Blog PostSeptember 16, 2015

The EITC Should be a “Talk in the Park”

Given that its poverty-combating success is far greater than mandatory minimum wage hikes, why do so many hear so little about the EITC?

There is no lack of compassion when it comes to America’s poor. And there are many who claim raising the minimum wage is the best way to help struggling families. Many of those same people would have us believe the government should tell the nation’s business leaders what that minimum wage should be.

That boost in pay may be temporarily compassionate for some minimum wage earners, but not for many small business owners who then struggle to budget their higher-priced labor with operating costs and prices. Nor is it  compassionate for the younger, less educated and less skilled worker who will likely lose out on their first jobs to their more experienced counterparts.

And what of the motivation to climb the career ladder if a person is paid more to do a job that requires little skill or knowledge?

There is a better mechanism in place that can do what the minimum wage purports to do, but better – the Earned Income Tax Credit (EITC).

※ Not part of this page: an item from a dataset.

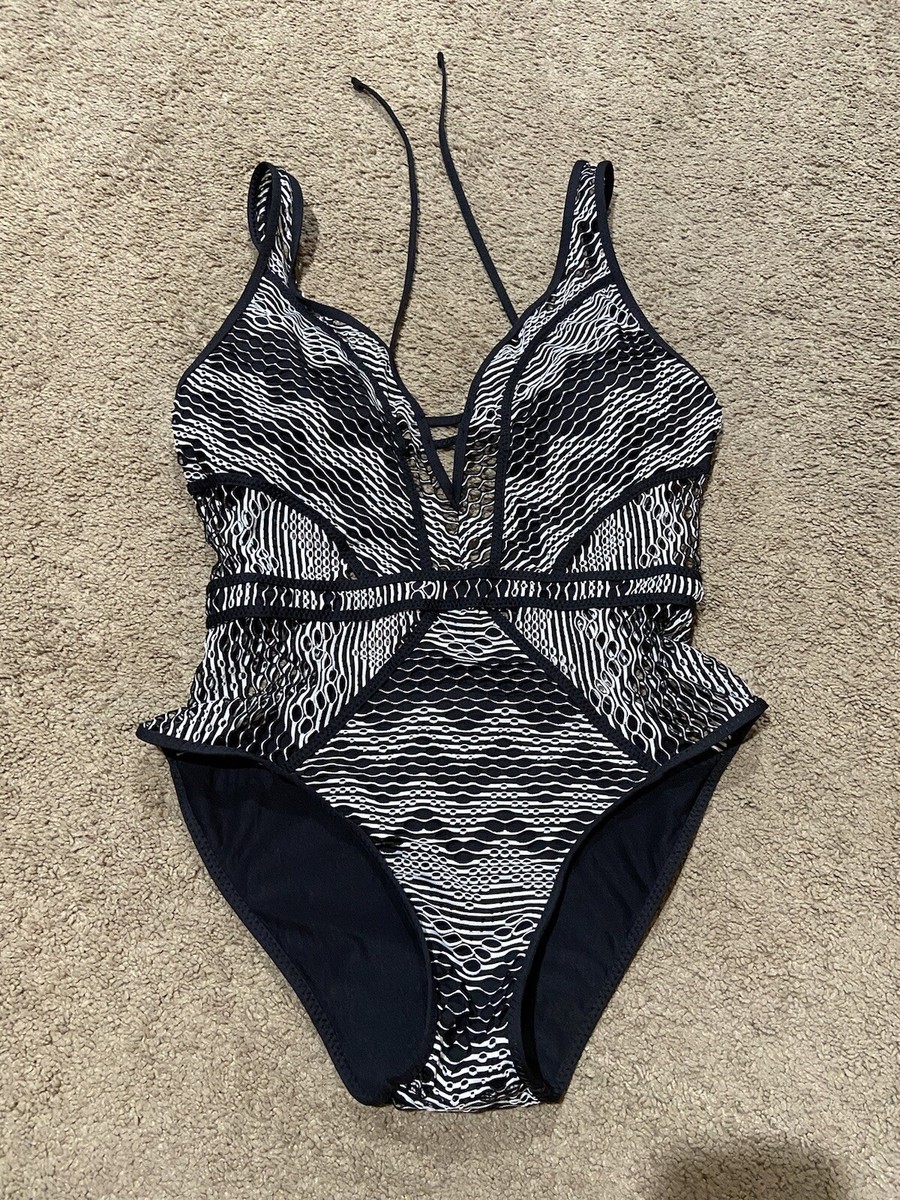 Becca By Rebecca Virtue Women's Black White Mesh Plunge 1-Piece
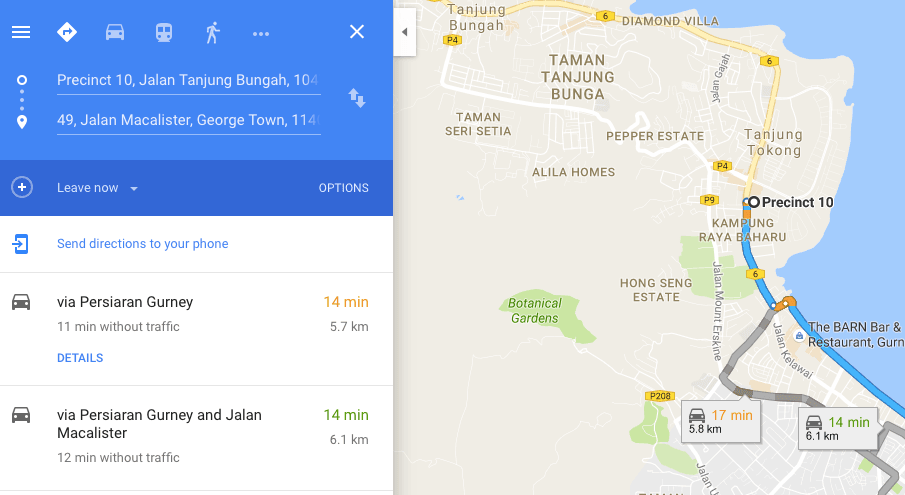 Compare Ride Hailing Pricing on Google Maps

But this mechanism is so unknown, the government itself has a full, online publicity kit and even an annual  “EITC Awareness Day” to encourage its use.

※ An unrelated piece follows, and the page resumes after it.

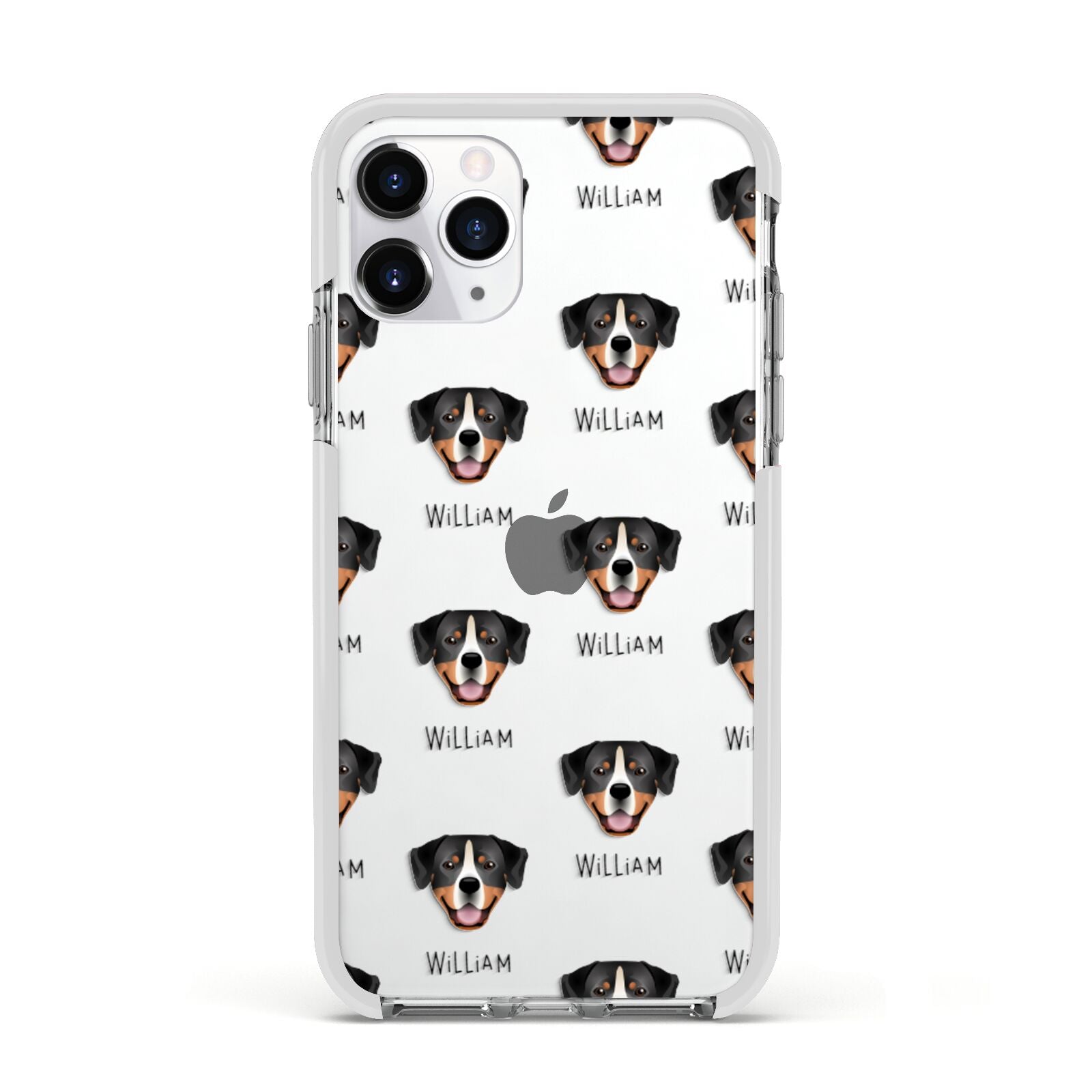Entlebucher Mountain Dog Icon with Name Apple iPhone 11 Pro in Silver with White Impact Case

This refundable tax credit subsidizes low-income working families based on income and number of children in the household, eventually phasing out as household income rises as illustrated by the Tax Policy Center:

EITC_1

The federal EITC has been in place since 1975, and 26 states (along with the District of Columbia) have since enacted their own credits. The results so far? According to the IRS, the EITC is one of the nation’s “Largest Antipoverty Programs”, lifting 6.5 million people out of poverty in 2013, half of whom were children. The IRS also estimates the cost to administer the EITC program “ratio to claims paid is less than one percent.”

By comparison, the Congressional Budget Office estimates raising the federal minimum wage from $7.25 to $10.10 would lift 900,000 people “above the poverty threshold – out of the roughly 45 million who are projected to be below poverty in 2016 should the current law not change.”

The CBO also predicts such minimum wage hike would cost about 500,000 workers their jobs.

To recap: The EITC has lifted 6.5 million people from poverty. A $10.10 minimum wage would do the same for fewer than one million.

Here’s another take from the St. Louis Post-Dispatch:

“A higher minimum wage creates winners and losers: Some folks get a raise while others lose their jobs or have their hours reduced. A state earned-income credit, by contrast, helps all low-income workers.”

Given its poverty-combating success, why do so many hear so little about the EITC? The minimum wage is popular because it is felt every day, with every paycheck and seized on by labor unions, politicians, pundits and the media. The EITC is a clinical, once a year tax time event.

The EITC needs to be a year-round discussion. And just as we shouldn’t leave it up to the government to decide worker wages, we shouldn’t leave it up to the government to raise awareness about its own program that makes a real difference to millions of Americans. If the aforementioned groups won’t do it, job creators and business leaders need to step up and talk about ways to make this good government policy even better.